Update, still no BSOD! Actually started to get some confidence in the device.

The temps thing is more about the fan noise (aside from originally thinking it could be the cause of the instability). I am really used to desktop tho, which I know is not a fair comparison. I have an OC 9700k and its both quiet and stays typically in the 60s when gaming, and thats even a known hot chip. Anyway, happy the laptop is stable, its currently with an offset of -0.105v (100% power state), which can find itself poking into the 80s when gaming.

I downloaded the ATK package and the audio drivers from the support page. Backlighting and some other functions are back. The sound still has more crackling than I remember it having. Ive tried the various suggestions Ive found elsewhere, like keeping the CPU on max performance state, disabling audio enhancements (they were already disabled), lowering the quality - its at its lowest.

jigglygiggly wrote:
Update, still no BSOD! Actually started to get some confidence in the device.
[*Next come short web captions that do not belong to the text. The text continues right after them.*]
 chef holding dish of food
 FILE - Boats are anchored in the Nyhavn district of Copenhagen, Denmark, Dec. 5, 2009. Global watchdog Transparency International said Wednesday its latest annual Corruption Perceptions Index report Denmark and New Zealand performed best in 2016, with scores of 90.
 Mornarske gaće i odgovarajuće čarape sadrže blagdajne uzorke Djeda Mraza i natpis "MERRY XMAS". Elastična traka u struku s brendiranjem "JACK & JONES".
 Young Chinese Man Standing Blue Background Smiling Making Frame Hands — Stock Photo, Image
The temps thing is more about the fan noise (aside from originally thinking it could be the cause of the instability). I am really used to desktop tho, which I know is not a fair comparison. I have an OC 9700k and its both quiet and stays typically in the 60s when gaming, and thats even a known hot chip. Anyway, happy the laptop is stable, its currently with an offset of -0.105v (100% power state), which can find itself poking into the 80s when gaming.
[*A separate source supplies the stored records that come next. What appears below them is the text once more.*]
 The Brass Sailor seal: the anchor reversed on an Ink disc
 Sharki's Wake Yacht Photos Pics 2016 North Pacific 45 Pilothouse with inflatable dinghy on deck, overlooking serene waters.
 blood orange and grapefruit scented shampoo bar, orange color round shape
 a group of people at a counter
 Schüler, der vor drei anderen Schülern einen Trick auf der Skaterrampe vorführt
I downloaded the ATK package and the audio drivers from the support page. Backlighting and some other functions are back. The sound still has more crackling than I remember it having. Ive tried the various suggestions Ive found elsewhere, like keeping the CPU on max performance state, disabling audio enhancements (they were already disabled), lowering the quality - its at its lowest.


Laptops run hot and loud because their thermal solution is tiny compared to a desktop one. And to be honest, it's kind of crazy how they can cool a 7700hq AND a full GTX11070 chip with just two tiny heatsinks. Don't bother about the temperatures, it's not gonna kill your machine, unless its going at 100C constantly, then MAYBE you could have problems down the road.
You can also undervolt the GPU to achieve even better results, but that can be tricky. It involves a LOT of trial and error and patience. Mine went from 85C @ 1580mhz on full load to 75C @ 1810mhz full load. Could go even higher but it's hitting the power limit. It's a 1070 by the way. Only reason why I undervolted was the free performance gain.
CPU is running at -110mv with temperatues peaking around 90C at full load on CPU and GPU at the same time. Full load on the CPU alone brings it to around 85C peak.
Fans on auto, stock paste and no cooling pad. I can barely hear the fans when gaming and using a headset.